Sponsoring EAMT virtual conference 2020

Due to current traveling restrictions, the conference was held online

The 2020 edition was virtually celebrated from Lisbon

Pangeanic has sponsored the European Association Machine Translation (EAMT) 2020 conference . Due to current traveling restrictions, the conference was held online. It had been postponed from its original summer date in Lisbon to 3-5 November 2020. The conference included a research track, a translator track, a user track and a project-products track. The different racks allowed the exchange of ideas between researchers, practitioners, machine translation technology developers and the translation industry in general. Pangeanic and its technological division PangeaMT presented 3 posters:

One poster in the user track called “A User Study of the Incremental Learning in NMT” [video] in collaboration with the research group PRHLT of the Polytechnic University of Valencia. This industry-academic collaboration carried out a study involving professional translators. Online learning was performed (training engines as human feedback was provided).

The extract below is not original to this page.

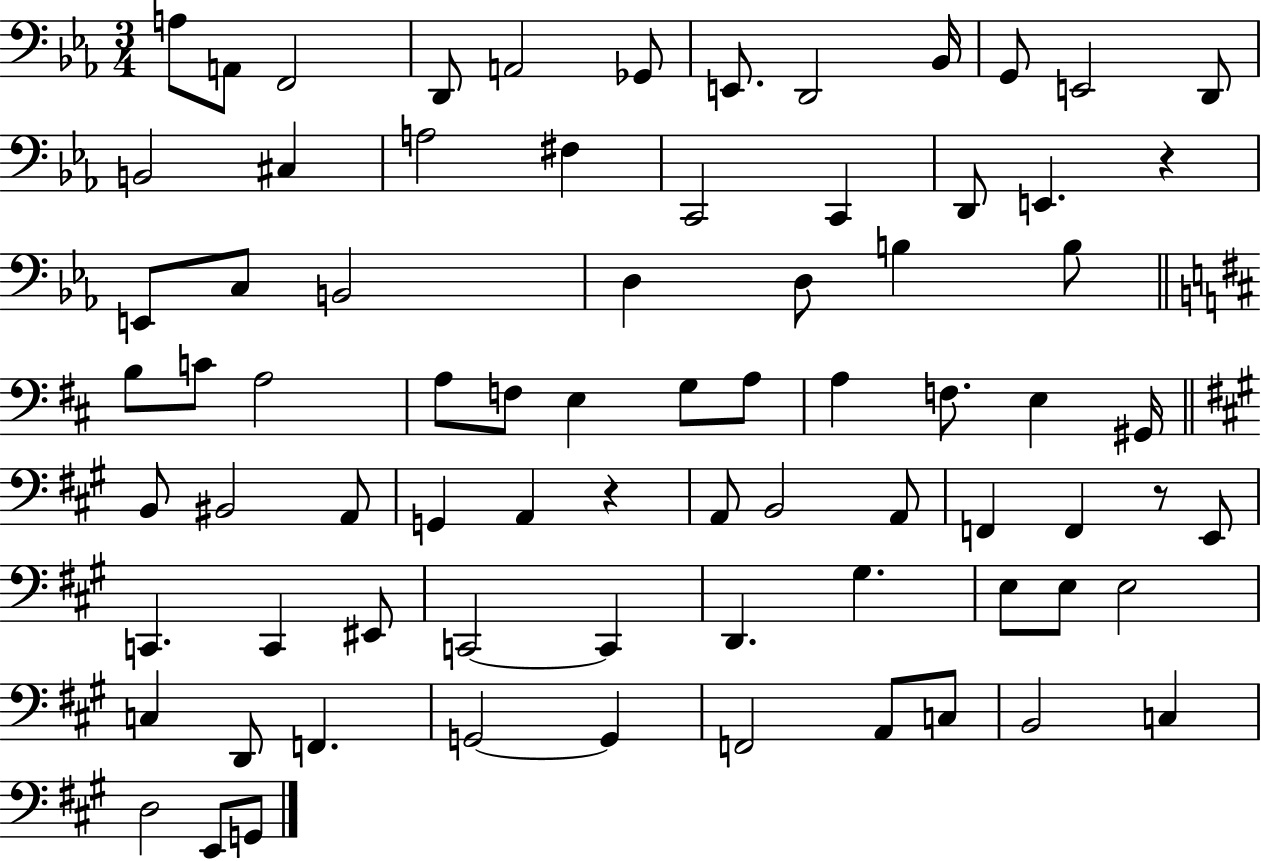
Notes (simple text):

A3/e A2/e F2/h D2/e A2/h Gb2/e E2/e. D2/h Bb2/s G2/e E2/h D2/e B2/h C#3/q A3/h F#3/q C2/h C2/q D2/e E2/q. R/q E2/e C3/e B2/h D3/q D3/e B3/q B3/e B3/e C4/e A3/h A3/e F3/e E3/q G3/e A3/e A3/q F3/e. E3/q G#2/s B2/e BIS2/h A2/e G2/q A2/q R/q A2/e B2/h A2/e F2/q F2/q R/e E2/e C2/q. C2/q EIS2/e C2/h C2/q D2/q. G#3/q. E3/e E3/e E3/h C3/q D2/e F2/q. G2/h G2/q F2/h A2/e C3/e B2/h C3/q D3/h E2/e G2/e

User opinions on engine improvement are provided in the study.The conclusion of our research is that users of machine translation systems are much happier and yield more words per hour when engines are adapted with their own output as neural machine translation engines learn to mimic their style quickly.
A poster in project-products track about our MAPA CEF project were an anonymization toolkit is being developed. MAPA stands for Multilingual Anonimyzation for Public Administrations which Pangeanic leads together with European data organizations and the French National Research Center, among others.
Pangeanic’s last poster described NTEU CEF project in the project-products track. The Neural Translation for EU will provide the largest-ever 1-1 engine farm of neural machine translation engines (not pivoting through English). All EU official language combinations are tackled (506 language arcs) including low-resourced languages.The consortium, led by Pangeanic, will also provide a large data set of around 15M perfectly clean sentences to European data organizations and repositories such as ELRC under license.